Finally, Kollar contends that the trial court erred in imposing sentence by: 1) failing to consider certain mitigating circumstances; 2) considering several improper aggravating circumstances; 3) imposing an unreasonable and excessive term of imprisonment; and 4) ordering restitution without entering requisite findings. We affirm Kollar's sentence with regard to his first three allegations of error but remand for entry of findings regarding Kollar's ability to pay restitution and establishment of the manner of performance.

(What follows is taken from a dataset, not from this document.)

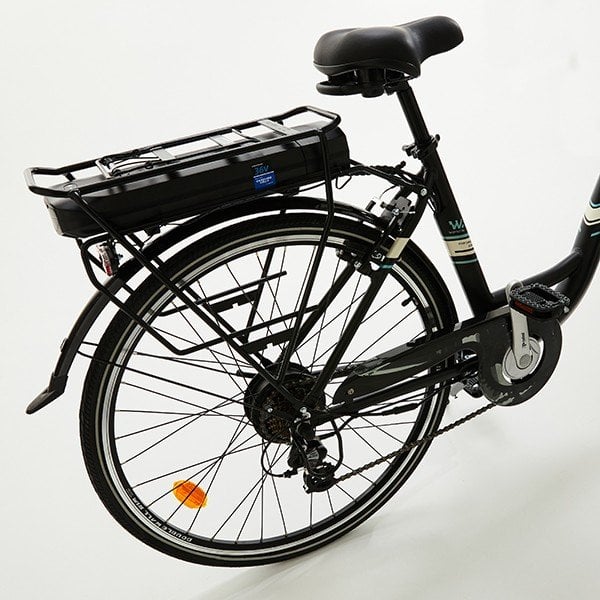 ebike wayscral1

In addressing claims regarding the propriety of a sentence, we are bound by the standard of review set forth in Indiana Rules for Appellate Procedure, Rule 17(B) which states:

(1) The reviewing court will not revise a sentence authorized by statute except where such sentence is manifestly unreasonable in light of the nature of the offense and the character of the offender.
(2) A sentence is not manifestly unreasonable unless no reasonable person could find such sentence appropriate to the particular offense and offender for which such sentence was imposed.

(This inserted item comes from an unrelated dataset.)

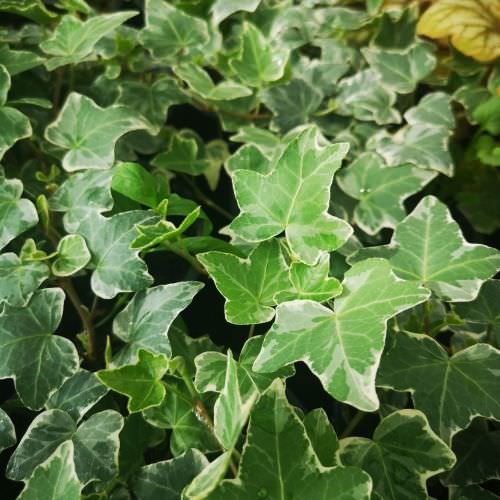 Hedera 'Glacier'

The trial judge identified the following aggravating and mitigating circumstances in pronouncing sentence:

The Court has considered matters in aggravation and mitigation and finds that the defendant is a young person, there was no physical violence. These are matters in mitigation. However, the Court finds that the defendant participated in a long enduring scheme to defraud portions of the public who were comprised of persons who were investing typically their savings toward their future or the future of their children and the Court finds the particular scheme involved which preyed on the saving investments of these persons is a matter in aggravation. Moreover, the Court finds that the defendant's pattern of lulling victims while encouraging other new victims is a matter in aggravation. The Court finds further that the amounts of losses suffered particularly by Mr. Eggleston, Mr. Bixler and the Spees [sic] are significant amounts and together with the timing of the losses that was occasioned by the defendant, are matters in aggravation. The Court finds that the matters in aggravation outweigh the matters in mitigation.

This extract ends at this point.